Jonny English Movie Review
It has been eight years since Rowan Atkinson debuted his MI7 agent Johnny English. Anyone who saw the first film might wonder why it deserved a sequel and why it took so long to produce another film about a less than exceptionally funny character in a spy parody that was not very smart.
Atkinson, one of British comedy's brightest talents, with a rubber face and physical ability made for comedy, has not seen a particularly successful transfer of the television success of shows like Not the Nine o’clock News and Mr Bean to success on the big screen. There must be a better way for him to utilise his skills in the service of a film that isn't mere stupidity splashed in dollars for cheap laughs from the peanut gallery. The plot of this sequel is unnecessary and exists merely to fulfil the basic requirement that a film tell a story.
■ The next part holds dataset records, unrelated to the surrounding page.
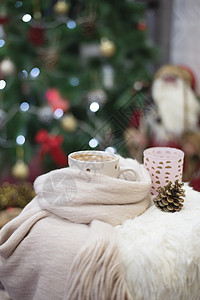 热巧克力 一杯卡布奇诺 在一棵大圣诞树前的毛皮椅子上 带球和灯光的火辣果 装饰品 舒适图片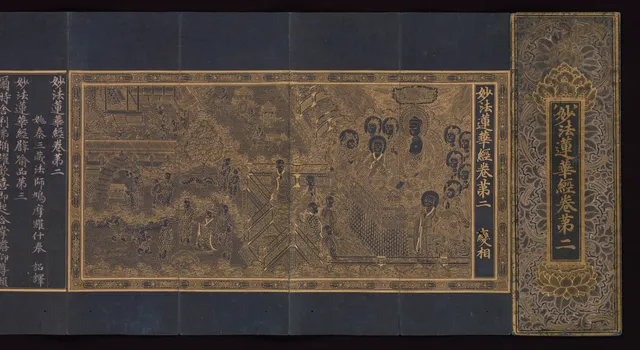 An opened Goryeo accordion-fold sutra book on a dark indigo ground. A gold-line frontispiece painting fills the centre: the Buddha enthroned at the right under a jeweled canopy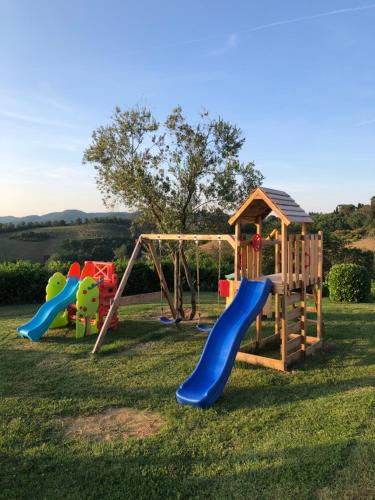 a playground with two swings and a slide at "Villa Bizzi" in Monte Castelli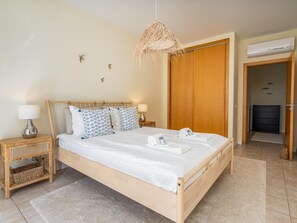 Una cama bien hecha con sábanas blancas y almohadas estampadas, una lámpara de noche, una lámpara colgante de fibra natural y un armario de madera.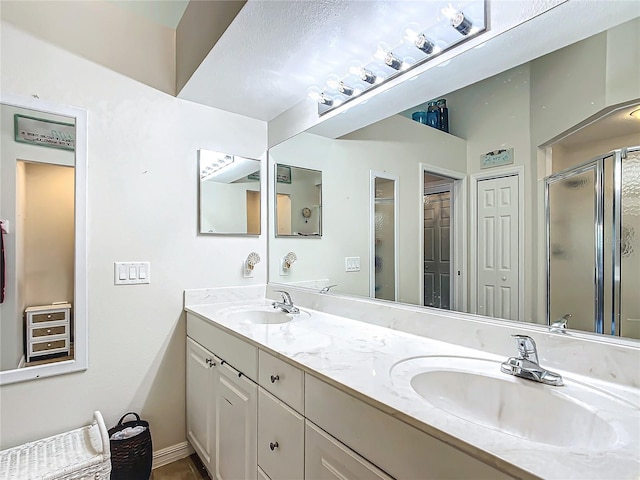 bathroom with an enclosed shower and vanity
It functions as a badly hung line across which Atkinson is allowed to do his best to balance using his eyebrows, long limbs and plasticine features to impersonate Peter Sellers's Inspector Clouseau.
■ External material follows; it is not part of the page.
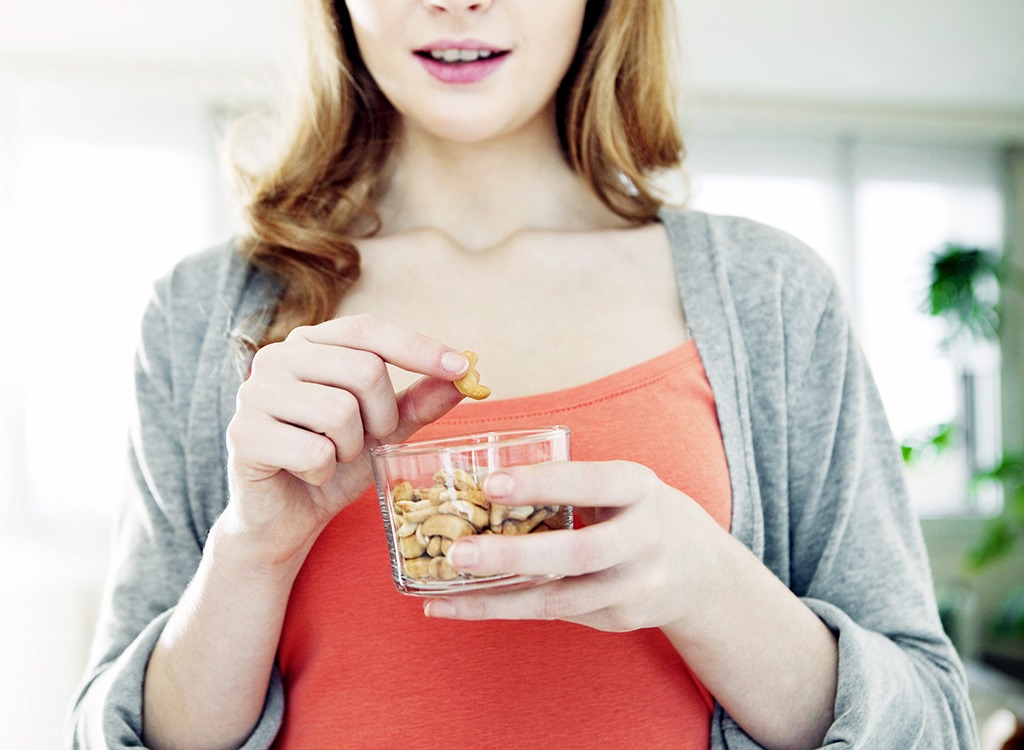 Woman eating nuts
After vanishing off the grid following a bungled operation in Mozambique, English is found training with Tibetan monks, only to be recalled into service in order to help stop an assassination attempt on the Chinese premier. The many silly jokes about gadgets, women and James Bond can't stop the whole film wearing thin quickly, and none of them results in laughs. There are, however, sequences that show off Atkinson's skills as a physical comedian with a precision sense of timing, but these are technical rather than comic highlights. What Dominic West as the suave man is doing here wasting his excellent acting talent is anyone's guess, save for the suggestion that, like Atkinson, the British star of The Wire has so far had a less than successful transition from the small screen to the big. By the time the excruciating and horribly old-fashioned mess concludes, the world will hopefully not be holding its breath for a return of agent English to accidentally save it from some future crisis. No one can be that desperate, even in the season of popcorn fluff, unnecessary 3D and comfortable, unmemorable Oscar contenders.